NEW DELHI: In a historic announcement in the country's space programs, Indian Space Research Organisation (ISRO) on Thursday said that India will set up its own space station.
ISRO chairman K. Sivan, during a joint press meet with minister of state for department of space Jitendra Singh in New Delhi on Thursday, said the high-profile project of setting up India's own space station will be an extension or next phase of the Gaganyaan mission or the human spaceflight program, which involves sending three Indian astronauts to space for seven days in the lower Earth orbit (LEO) of 120-400 km.
He said, "Our Gaganyaan program has to be sustained after we launch a human space mission. In that regard, India is planning to have its own space station. We don't want to part of the existing International Space Station (ISS), therefore we want to set up our own. However, our station, which will be set up in 5 to 7 years, won't be very huge. It will have a mass of 20 tonnes and will be used for scientific studies, including microgravity tests."
The ISRO chief explained that the work on the space station will be taken forward after the Gaganyaan mission, which would be launched by December 2021. "We will forward the financial documents to the government for budget approval only after the Gaganyaan mission."
On a question about sending people to this India's own space station, Sivan said, "It will have a provision where people can live in this station for 15-20 days. However, the fine details related to the project will be announced only after the Gaganyaan project."
He said, "ISRO is also planning to join the international effort to send humans to the Moon and Mars, and colonize the Moon."
On the Gaganyaan mission, Sivan said, "We are running against time in order to meet the 2022 deadline given by our PM. As we are planning to launch the mission by December 2021, we will send our shortlisted astronauts for advanced training abroad as there is no time to set up the training center here. However, basic training will happen in India." Jitendra Singh said, "Shortlisting of the Indian crew will be over in six weeks and training will be complete in a year or two."
The ISRO chief also cast light on upcoming interplanetary missions like Chandrayaan-2, Aditya (solar) mission and Venus program. He said Chandrayaan-2 will be launched at 2.15 am on July 15 and ISRO will try to land its rover on the Moon on September 6.

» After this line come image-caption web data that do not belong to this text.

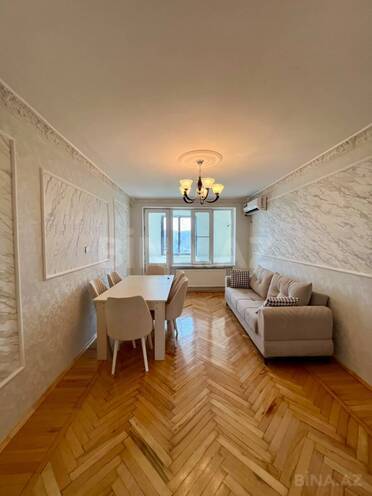 Satılır 3 otaqlı köhnə tikili 80 m², Gənclik m., photo 1 from 17
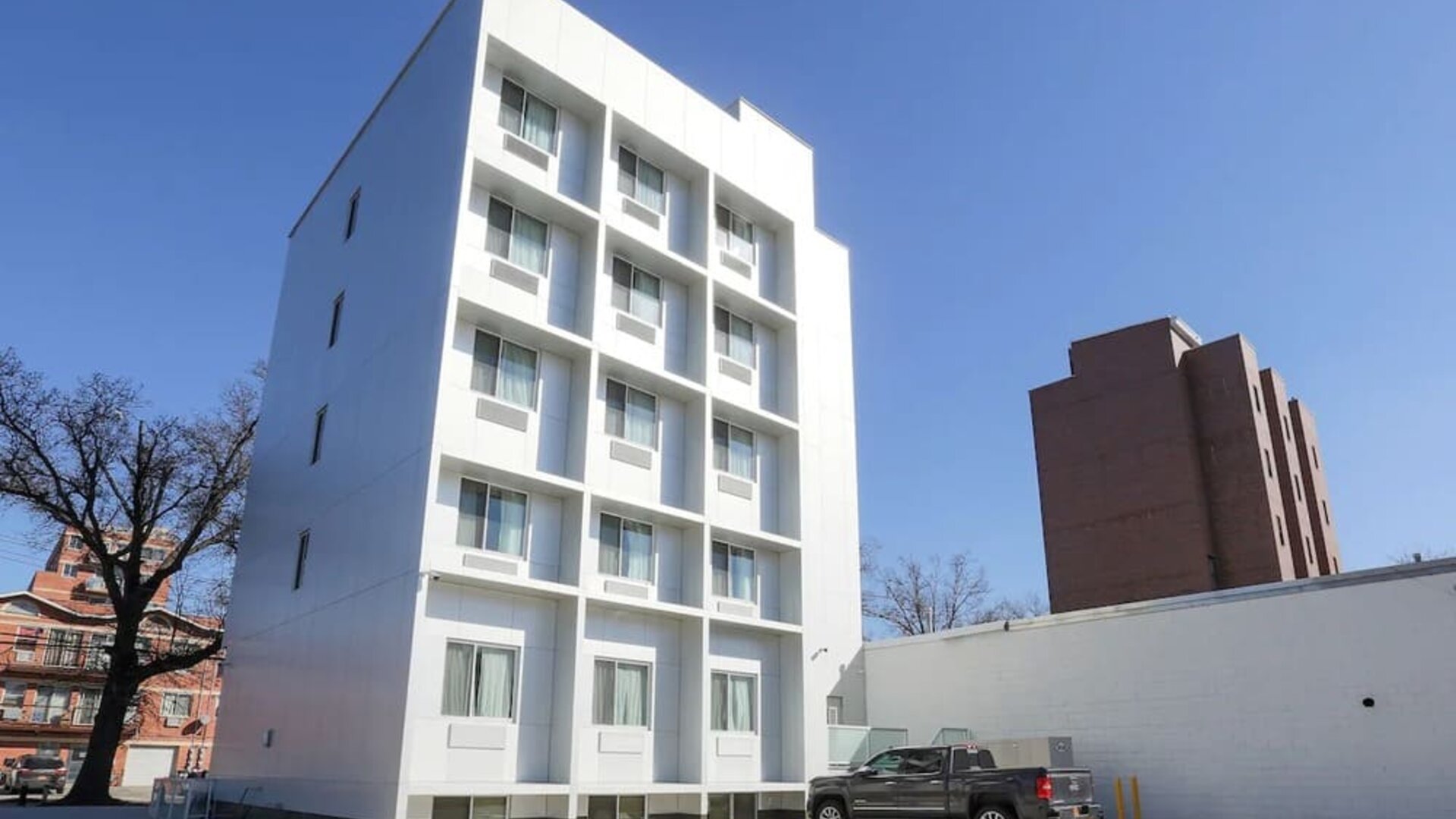 Parking at Grandview Hotel New York.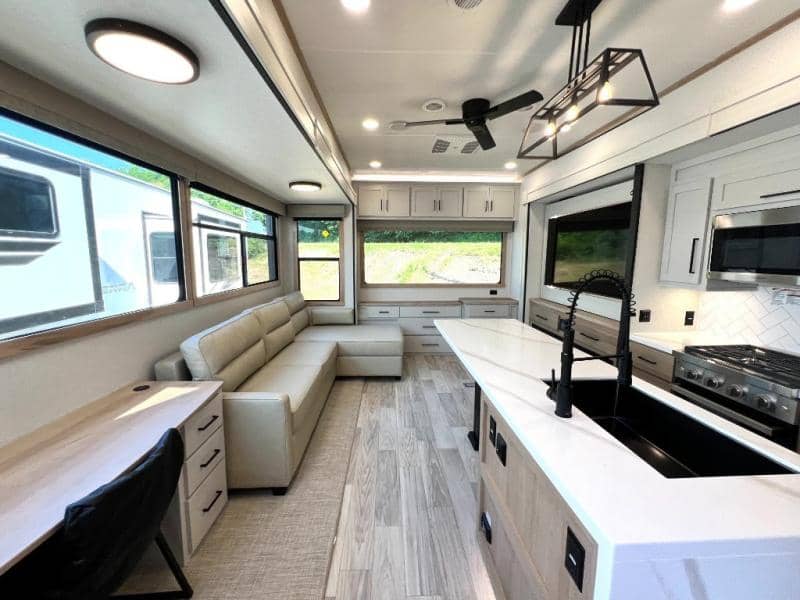 2026 Forest River 2026 Forest River Sierra - thumbnail 17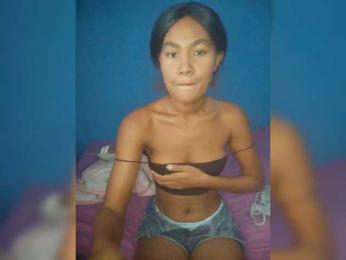 Carmella1 webcam bongacams model stream image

Sivan said that Aditya will be launched by 2020-mid and would aim to study the sun’s corona and its impact on climatic changes. "We have fixed a point called Liberation point L1 between the Earth and the Sun, which is some 1.5 million km from the Earth. Our spacecraft will be sent to this L1 point in 109 days where it will do various scientific studies" like coronal study, UV imaging and magnetic field".
He said the mission to Venus is planned in mid-2023 when a GSLV Mk III will take the spacecraft to the planet. It will study Venus atmospheric property, surface topography and atmospheric composition. "On our announcement of opportunities, we had received a lot of payloads. But we have shortlisted 23 payloads till now for the Venus mission."
The ISRO chairman said that "foremost priority of our space programs is to provide safety, security and quality of life to our people. Because of giant strides made by Vikram Sarabhai years back, we are enjoying the fruits of their hard work. Now, we have to make advancement in space programs and plan interplanetary missions keeping in mind our future generation.
The minister, "India's space program started very late as compared to the U.S. and Russia, but today, we are launching the second Moon mission and human spaceflight missions." Jitendra Singh said that foreign space agencies are now procuring data and images sent by Chandrayaan-1 and Mangalyaan to further their scientific studies.
He also explained that how the NDA government have made ministries make the most of space applications for the effective rollout of their infrastructure projects like the use of satellites in road constructions, safeguarding of borders, geotagging of MGNREGA workers, soil testing and keeping a watch on unmanned railway crossings.